Örnek 17: İtalya mukimi Allende Şirketi Türkiye’de mukim Balkır A.Ş.’ye danışmanlık hizmeti vermek için;

a) 10/01/2018 tarihinde 10 günlüğüne iki personelini,

b) 03/04/2018 tarihinde 10 günlüğüne iki personelini,

c) 18/08/2018 tarihinde 12 günlüğüne bir personelini,

ç) 05/01/2019 tarihinde 10 günlüğüne bir personelini,

Türkiye’ye göndermiştir. Allende şirketinin Türkiye’de bir iş yeri bulunmamaktadır.

Türkiye – İtalya ÇVÖ Anlaşmasının 5 inci maddesinin ikinci fıkrasının (g) bendinin (ii) alt bendine göre İtalya mukimi teşebbüs tarafından, hizmetli veya diğer personel çalıştırılmak suretiyle ifa edilen ve aynı veya bağlı proje için Türkiye’de herhangi bir 12 aylık dönemde toplam altı ayı aşan süre veya süreler devam eden, danışmanlık hizmetleri de dâhil, hizmetler iş yeri oluşturmaktadır.

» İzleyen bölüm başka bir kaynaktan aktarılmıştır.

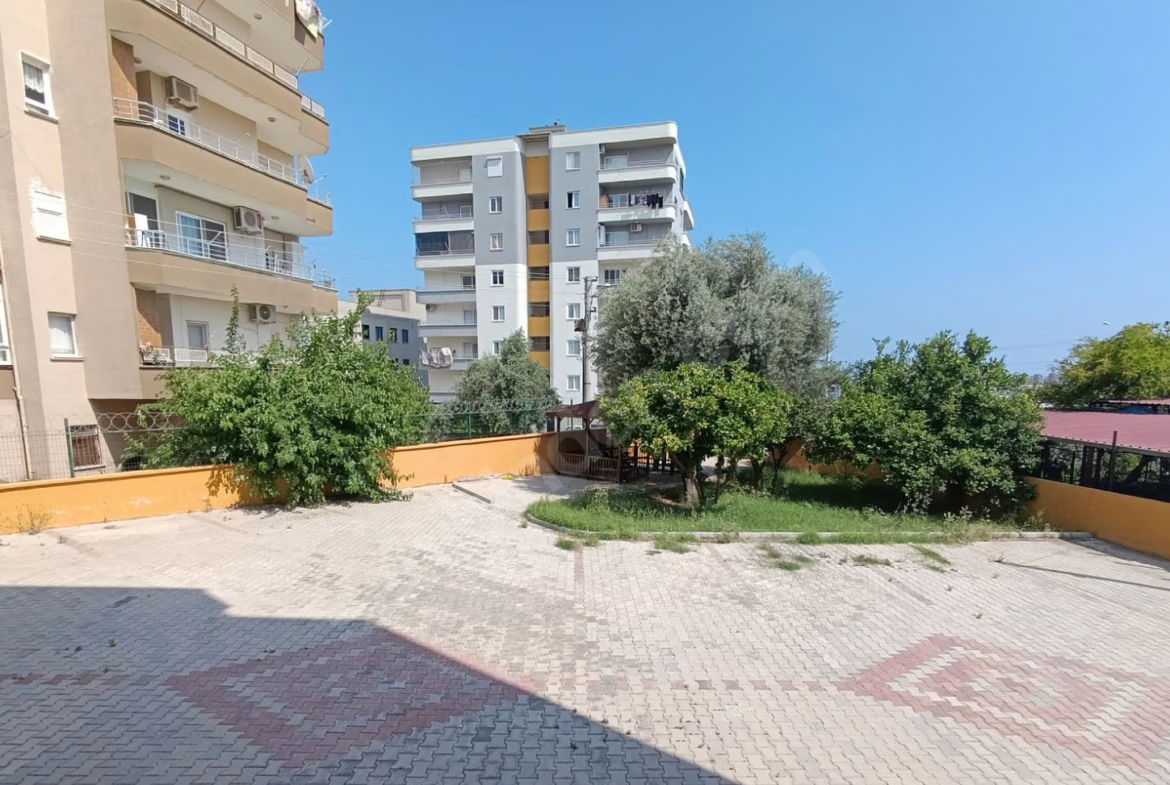 Mersin Mezitli Kuyuluk Mahallesi 1+1 55 m² Doğalgaz Kombili Kiralık Daire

Ayrıca, anlaşmanın teşebbüslerin serbest meslek faaliyeti icrası ile ilgili 14 üncü maddesinin ikinci fıkrasına göre Türkiye’nin vergileme hakkı olması için; Allende Şirketinin faaliyetlerini icra etmek üzere Türkiye’de iş yerine sahip olması veya Türkiye’de hizmetlerin icra edildiği süre veya sürelerin, herhangi bir kesintisiz 12 aylık dönemde toplam 183 günü aşması koşullarından en az birisinin gerçekleşmesi gerekmektedir.

Ancak, teşebbüslerin hizmet tedarikleri ile ilgili olarak anlaşmanın 14 üncü maddesinde özel bir düzenleme yer aldığından, anlaşmanın 5 inci maddesi dikkate alınmayacaktır.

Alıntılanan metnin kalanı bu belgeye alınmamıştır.